O Mar de Lama era uma região habitada por muitos, e por muitos séculos. O problema é que tinha visgo no fundo, prendendo indefinidamente os incautos que por ali caíssem. Era uma pena natural e cruel para o maior dos crimes hediondos: o de fornicar com a moral pública.

Como estava banido da normalidade do Reino, ali vigia outro regime político: o limbo jurídico.

Ainda tinha uma multidão que só assistia toda a panacéia: as antas gordas e os macacos de auditório.

Sempre achincalhados, pela direita e pela esquerda (na sua parte fajuta), os cupins colocavam dúvidas na seriedade dos atos políticos.

Os cupins acertavam mais as baratas, porque eram rancorosas, rançosas, contagiosas e reacionárias. Numa palavra: golpistas.

Mas, os cupins – removedores de meias-verdades (= mentiras inteiras) – eram minoria. Os contra-ataques vinham da proa e da popa do poder insignificante.

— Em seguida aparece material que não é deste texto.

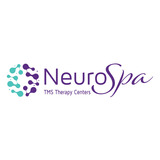 Profile Photos of NeuroSpa Therapy Centers Tampa - South Tampa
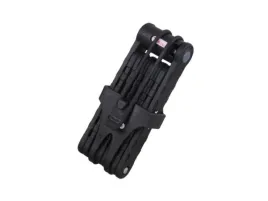 zapiecie-rowerowe-mocne-skladane-tonyon-ty-3881-czarne-900-mm-uchwyt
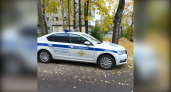 В Челнах будут судить 57-летнего водителя после смертельного ДТП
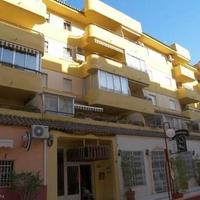 Flat in Spain, Comunitat Valenciana, Alicante, 80 sq.m.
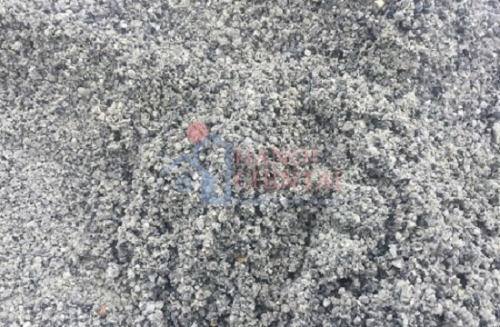 Giải pháp cát nhân tạo cho ngành xây dựng – hướng đi tất yếu trong bối cảnh khan hiếm tài nguyên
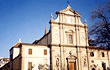 San Marco - Accademia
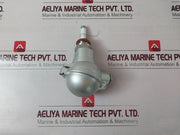 Bamo 541310 Resistive Level Probe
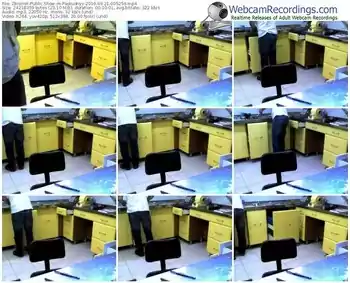 zbiornik-paskudnyy-webcam-show-09_21_2016-00_52_59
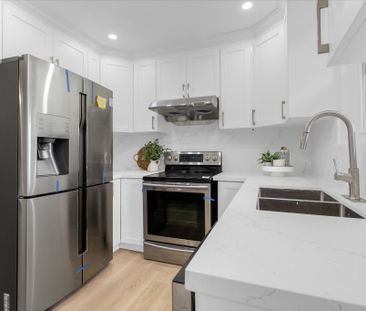 For Lease - 24 Eaton Place, Hamilton, Ontario - Photo 3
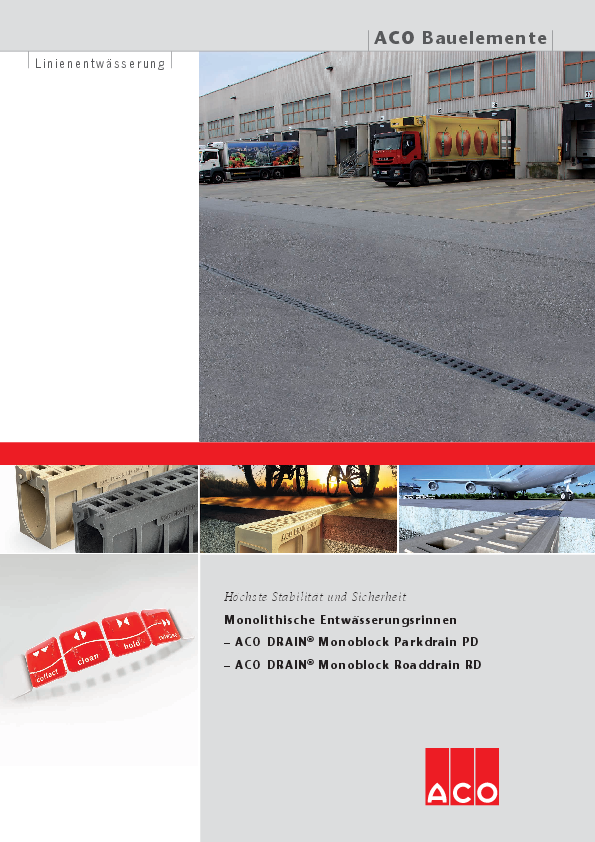 ACO-Prospekt_Monoblock_2015.pdf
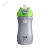 Vaso Botella Infantil Pico Silicona 350 Ml Pop Up Cup Chicco - comprar online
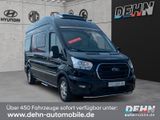 Bürstner Lineo C 590 AT  *Sonderpreis* - Offers matching your search criteria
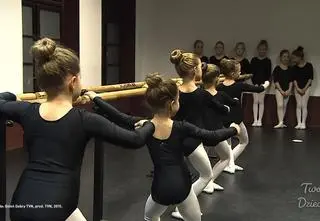 Wpływ zajęć dodatkowych na dzieci. Jak nie popaść w przesadę?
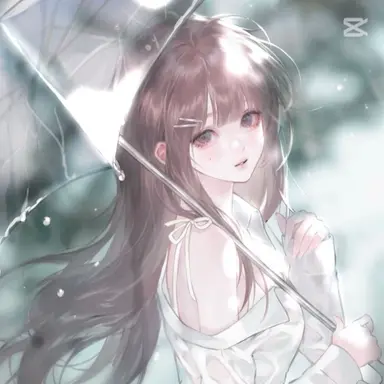 Profile image of 지유나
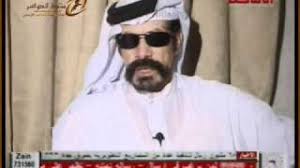 سلطان النحاوي في رواد وأحفاد حلقة بندر بن سرور 3 7 Youtube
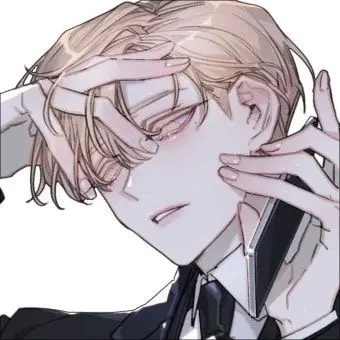 Profile image of 수현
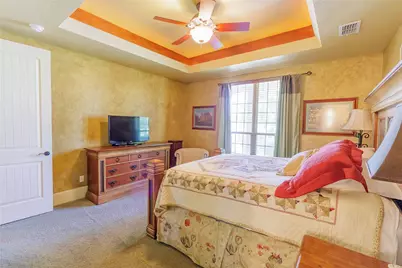 604 Greenwood Road, Decatur, TX 76234 - Photo 17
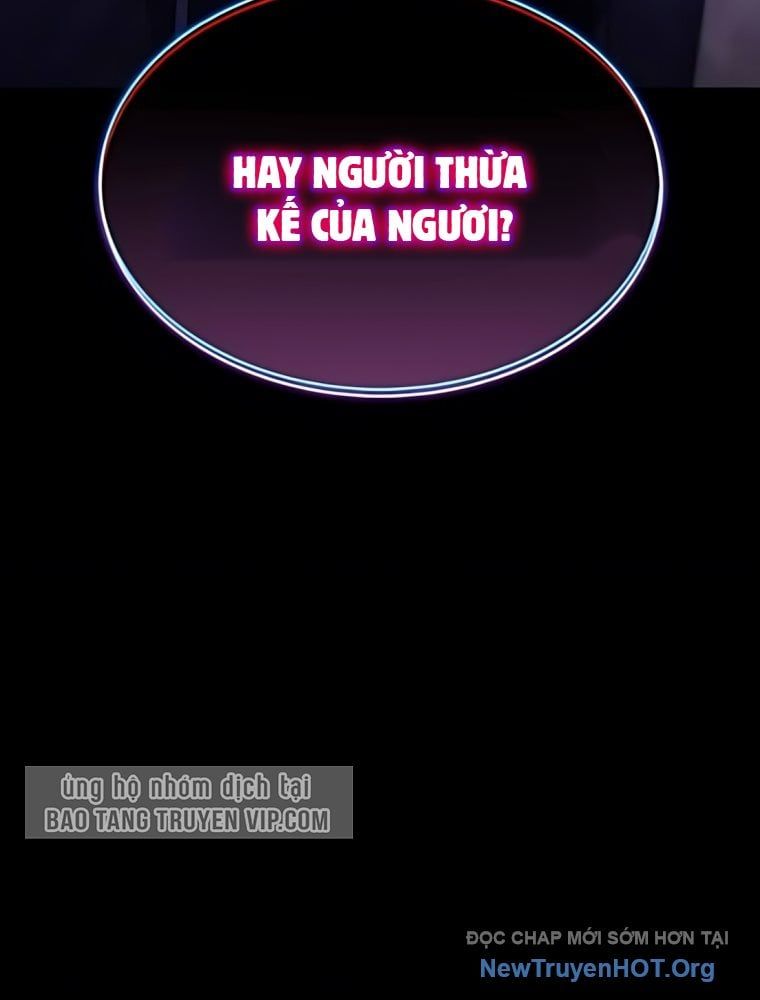 Cậu Út Nhà Công Tước Là Sát Thủ Hồi Quy Chap 89 - Next Chap 90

O pior de tudo, no entanto, é que nesse fogo cruzado poderia dar zebra.

Se tudo saísse errado, as hienas caras pintadas – agora com camisas pretas – seriam convocadas diretamente da caverna militar.

Antes da tragicomédia, num belo dia, apareceu um sujeito chamado Leonardo Da Vinci e ofertou um livreto intitulado Bestiário, fábulas e outros escritos. Era um sábio pândego que contava o seguinte:

Avareza: “o sapo alimenta-se de terra e está sempre magro porque não se enche; tamanho é o temor de que a terra lhe falte”.

Prudência: “A formiga, por natural conselho, provê-se no verão para o inverno, matando as sementes colhidas, porque não renascem; e delas depois se alimenta” (p. 18).

Falsidade: “A raposa, quando vê algum rastro de garça ou gralha ou aves semelhantes, deita-se logo no chão, com a boca bem aberta, parecendo morta, e essas aves pretendem bicar-lhe a língua e ela corta-lhes a cabeça” (p. 19).

Escorpião: “A saliva cuspida em jejum sobre o escorpião mata-o. Igualmente a abstinência da gula expulsa e mata as doenças que da gula dependem e abre caminho às virtudes” (p. 26).

Lagarta: “A lagarta, que por meio do continuado estudo de tecer com admirável arte e delicado trabalho à sua volta a nova habitação, sai depois dela com belas e coloridas asas, com estas erguendo-se a voar para os céus” (p. 27).

Aranha: “A aranha gera de si mesma a artificiosa e engenhosa teia, a qual em recompensa lhe entrega a presa que apanhou” (p. 27).

Doninha: “esta quando caça ratos, come primeiro arruda” (p. 36).

Camaleão: “Este apanha sempre a cor da coisa onde pousa; por isso, juntamente com os ramos onde pousam, muitas vezes são devorados pelos elefantes” (p. 37).

Lealdade: “…Amor, temor e reverência: escreve isto nas três pedras dos grous” (p. 37).

A rede: “A rede, que costumava apanhar os peixes, ficou presa e foi levada pelo furor dos peixes” (59).

O fogo e a vela: “O lume é guloso fogo sobre a vela. Ao consumi-la consome-se a si mesmo” (p. 59).

O papel e a tinta: “Vendo-se o papel todo manchado pela escura negridão da tinta, fica irritado; e esta mostra-lhe que são as palavras por ela escritas a razão da conservação dele” (p. 59).

No Reino, esperava-se um marmitaço para 15/03. Um pouco mais e seria 1º de Abril – como fora no passado recente da sua história política. Era celebrado como o Dia Plurinacional da Mentira. Houve até desfiles cívicos.

Nessa época e em todas as épocas, no Reino de Pulgas, cantarolava-se o Hino Nacional puxado pelas hienas: “Amigos e inimigos; aos inimigos o rigor da lei”.

Também previa-se uma pandemia, com ataques externos do odioso capital internacional.

Pra piorar, marimbondos pestilentos, do grupo Peceçoca, fustigava o poder e matava os cidadãos.

Com tudo isso, a casa de apostas não fechava nunca, igual à inflação e às tratativas de golpes, 24 horas no ar, sete dias por semana.